The recovery cost is, specifically, the number of supplies needed to restore a single deployment's worth of lost CR.
Scenario 1:
Costs 5 supplies.
Scenario 2
We actually don't have enough information; that will run you either 15 supplies (to recover 60% CR) if the wolf was at 10% CR after the battle was over, or 17.5 supplies (to recover 70% CR) if the wolf was at 10% CR when the battle ended.
The difference there being that the CR cost of deployment is subtracted -after- the battle ends.
Scenario 3:
This runs into a special rule designed to prevent the player from cheesing the CR mechanics: if one side deploys a vastly larger force and wins the engagement, then their ships won't spend the full CR cost of deployment. There may be other requirements for triggering this mechanic; I usually only see it come into play when I deploy a single flagship, blow up as much of the enemy fleet as I can before my CR runs low, and then withdraw.
So the expected supply cost for this scenario is probably less than 60, but certainly no more than 60.
Other Effects:
Armor and hull damage can, in some cases, cost supplies to repair. ...And in other cases, it doesn't. The specific mechanic here is that armor, hull, and CR all take time to recover - but all of them also recover at the same time, and recovering more than one type of thing at once doesn't cost extra.
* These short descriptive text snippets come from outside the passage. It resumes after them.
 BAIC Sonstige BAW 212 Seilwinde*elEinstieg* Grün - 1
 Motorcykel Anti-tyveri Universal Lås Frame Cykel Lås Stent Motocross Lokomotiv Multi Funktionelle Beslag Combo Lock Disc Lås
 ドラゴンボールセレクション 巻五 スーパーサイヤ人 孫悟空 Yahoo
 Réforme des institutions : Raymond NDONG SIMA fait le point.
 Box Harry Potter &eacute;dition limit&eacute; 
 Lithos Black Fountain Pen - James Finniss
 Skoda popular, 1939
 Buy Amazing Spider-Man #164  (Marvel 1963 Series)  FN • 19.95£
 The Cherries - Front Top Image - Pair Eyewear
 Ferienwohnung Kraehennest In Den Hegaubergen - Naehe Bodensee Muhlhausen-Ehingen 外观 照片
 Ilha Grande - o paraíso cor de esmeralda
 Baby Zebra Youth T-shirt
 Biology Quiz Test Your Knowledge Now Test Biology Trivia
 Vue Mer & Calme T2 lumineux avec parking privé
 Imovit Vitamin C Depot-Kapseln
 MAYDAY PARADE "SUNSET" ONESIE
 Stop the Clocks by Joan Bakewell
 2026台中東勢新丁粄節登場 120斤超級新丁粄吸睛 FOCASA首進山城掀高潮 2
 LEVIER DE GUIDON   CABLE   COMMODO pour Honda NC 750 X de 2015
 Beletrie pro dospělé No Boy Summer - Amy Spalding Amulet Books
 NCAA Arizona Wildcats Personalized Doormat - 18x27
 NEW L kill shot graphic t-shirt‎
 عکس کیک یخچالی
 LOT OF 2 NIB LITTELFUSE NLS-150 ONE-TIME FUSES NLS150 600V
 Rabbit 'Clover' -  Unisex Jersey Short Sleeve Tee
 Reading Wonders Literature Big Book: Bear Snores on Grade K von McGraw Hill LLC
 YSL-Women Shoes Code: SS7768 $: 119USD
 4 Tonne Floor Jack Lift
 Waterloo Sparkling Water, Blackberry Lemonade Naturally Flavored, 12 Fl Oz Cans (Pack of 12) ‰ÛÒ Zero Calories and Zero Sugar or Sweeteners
So if you take a bit of armor damage, and it takes one day of gametime to repair the armor, but four days to recover the CR you lost, then there's no extra supply cost for the armor damage.
If you take a bunch of armor/hull damage and it takes eight days of gametime to repair the ship (but the same four days to recover CR), then you end up spending supplies equal to twice the CR recovery cost.